A new study shows that the US Midwest staple crop system — predominantly genetically modified (GM) — is falling behind other economically and technologically equivalent regions. Western Europe, matched for latitude, season and crop type as well as economic and technological development, outperforms the US (and Canada) with regards to yields, pesticide use, genetic diversity and crop resilience, as well as farm worker wellbeing.

The study, headed by Jack Heinemann at the University of Canterbury, New Zealand, is a damning indictment of the large-scale, monoculture model in the US, the world’s largest producer of maize since the records began in 1961, and is increasingly relied upon to provide more and more of the world’s calorie intake [1]. This serves as a warning to the UK environmental minister Owen Paterson, who proposes to introduce GM crops into the UK [2].

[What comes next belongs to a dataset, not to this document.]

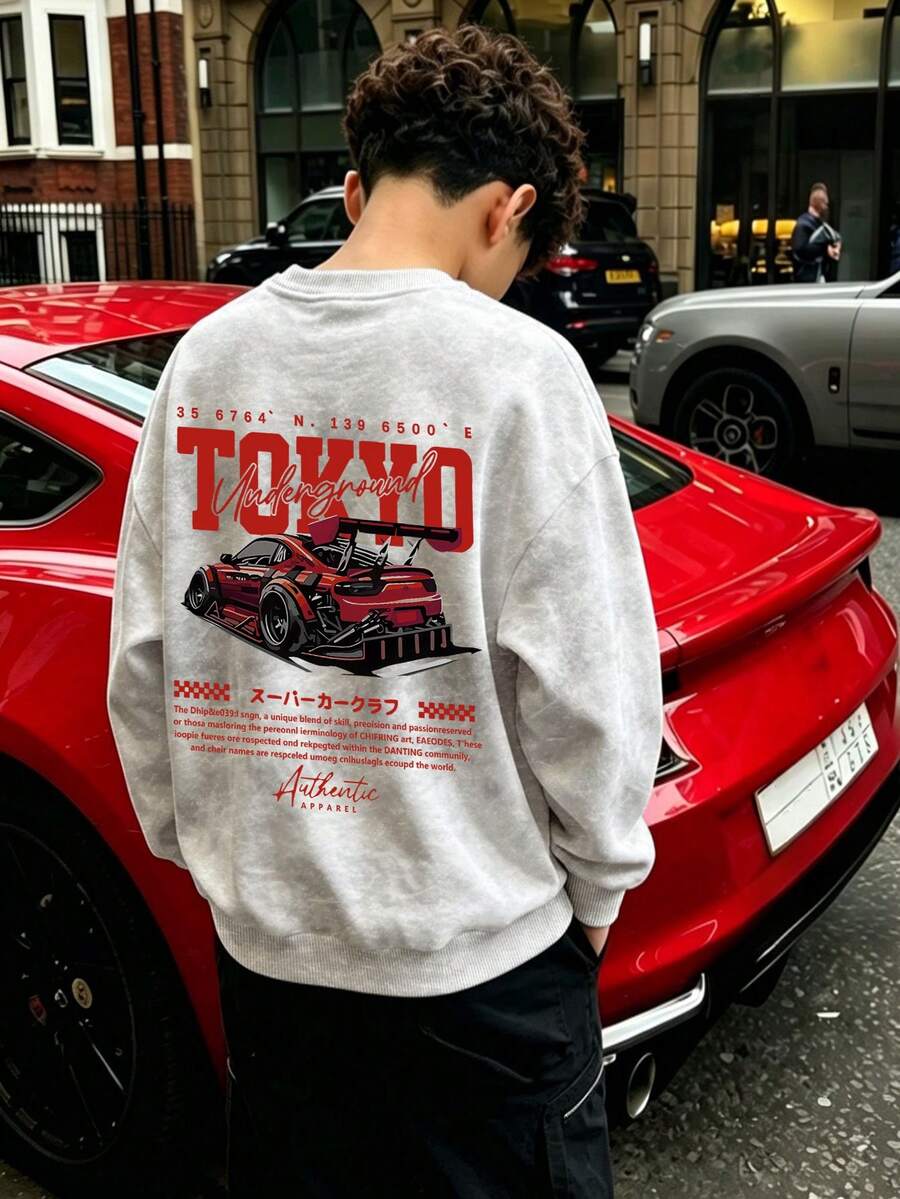 Sweatshirt Anak Laki-Laki Gaya Vintage Acid Wash, Motif Balap Tokyo Underground di Bagian Belakang, Gaya Streetwear Musim Gugur/Dingin, Atasan Kampus - Putih - View 1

US Midwest and European yields compared

Maize, rapeseed, soybean and cotton yield data were obtained from the United Nations Food and Agriculture organisation (FAO) FAOSTAT database for the United States, Canada and the total group Western Europe (Austria, Belgium-Luxembourg, France, Germany, Netherlands and Switzerland). Records from 1961 to 2010 were used, while 2011 and 2012 data were included through projections and additional statistics. They conducted statistical covariance (ANCOVA) analyses to test whether the yield differed significantly between locations, year, percentage of GM crops used and any other interactions.

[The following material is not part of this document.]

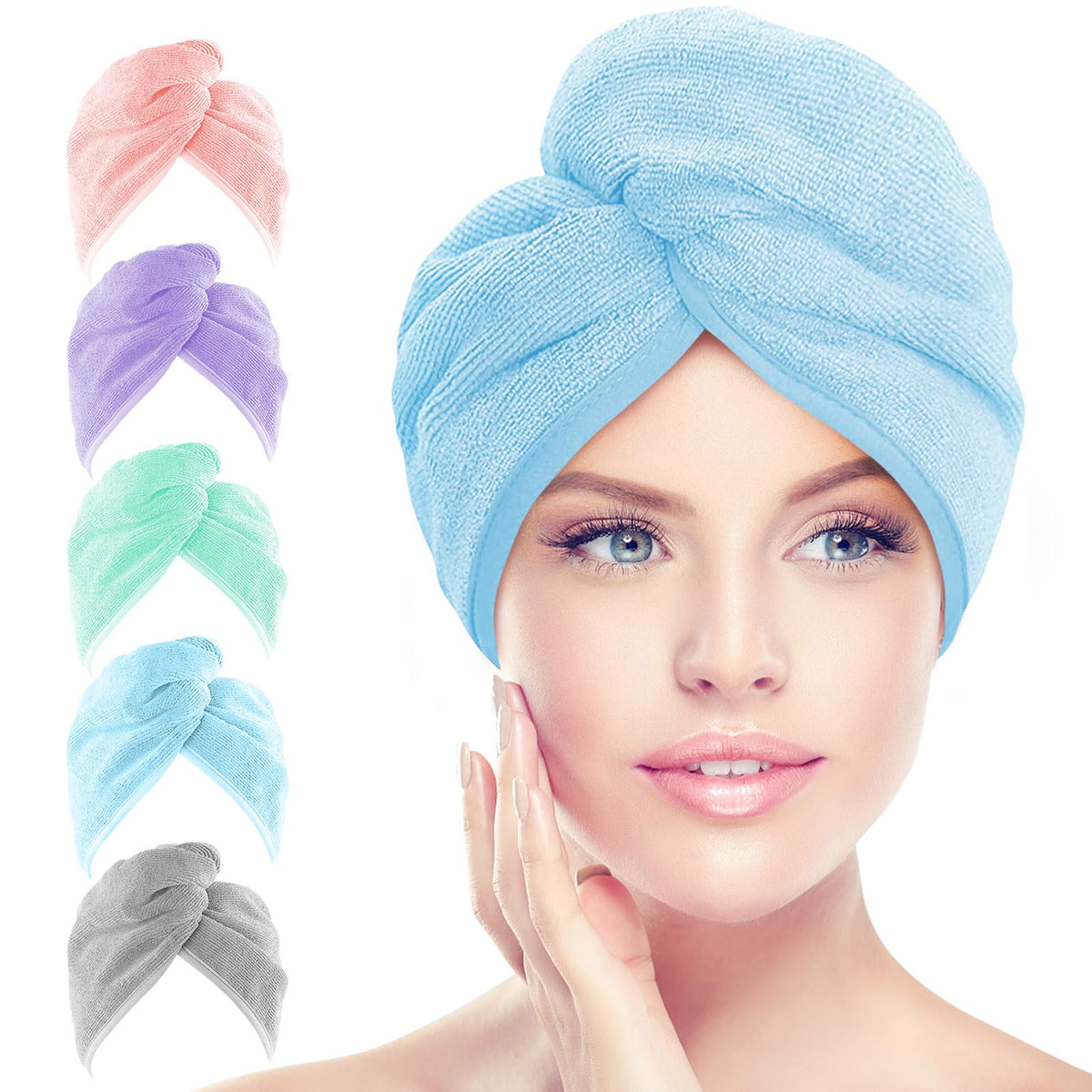 AIDEA front view of five packaged microfiber hair towel wraps showing convenience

First compared was rapeseed and maize, which have similar agroecosystems (latitude, growing seasons and equally developed agriculture systems across the two continents as well as access to biotechnological and intellectual property (IP) rights options, which are legal protection for so-called creations of the mind, allowing industry to own GM seeds through claiming them as novel inventions. The major difference between the continents is the near saturation of GM varieties in N. America compared to a virtual absence in W. Europe. Between 1961 and 1986, the US maize yield averaged 5700 hectogram/hectare (hg/ha) more than W. Europe, totalling 54379 hg/ha. (A hectogram = 100g). However, after 1986, there was a significant change in yield between the compared regions. W. Europe averaged 82899 hg/ha, slightly more than the 82841 hg/ha in the US (see Table 1). This suggests that GM has offered no benefit whatsoever in the US — contrary to what has been claimed — while the overall increase in yields in both regions were due to improved management and conventional breeding (see Figure 1).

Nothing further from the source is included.